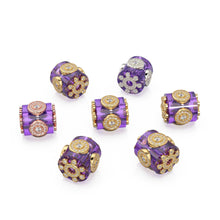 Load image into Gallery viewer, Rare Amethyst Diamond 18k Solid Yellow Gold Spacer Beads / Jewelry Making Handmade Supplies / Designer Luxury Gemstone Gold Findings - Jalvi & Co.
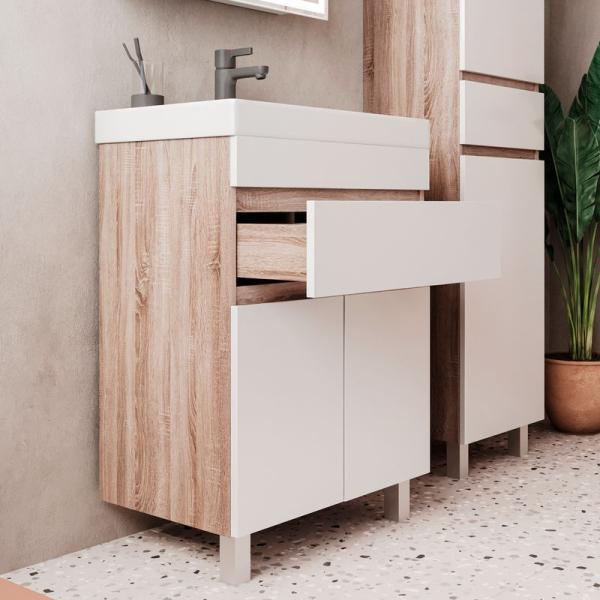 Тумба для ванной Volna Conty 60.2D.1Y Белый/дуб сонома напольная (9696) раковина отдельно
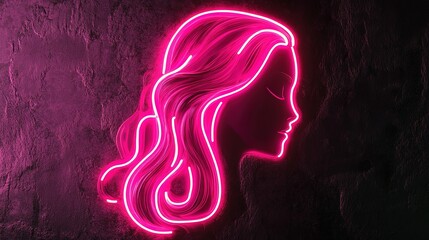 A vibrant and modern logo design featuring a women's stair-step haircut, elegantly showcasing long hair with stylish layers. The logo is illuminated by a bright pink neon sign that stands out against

• _Task to complete_:
Leave out the pictures, and please output only the lines from the line that contains "Тумба для ванной" through the end of the data, both ends included.

• _Answer to this exercise_:
 Тумба для ванной Volna Conty 60.2D.1Y Белый/дуб сонома напольная (9696) раковина отдельно
 A vibrant and modern logo design featuring a women's stair-step haircut, elegantly showcasing long hair with stylish layers. The logo is illuminated by a bright pink neon sign that stands out against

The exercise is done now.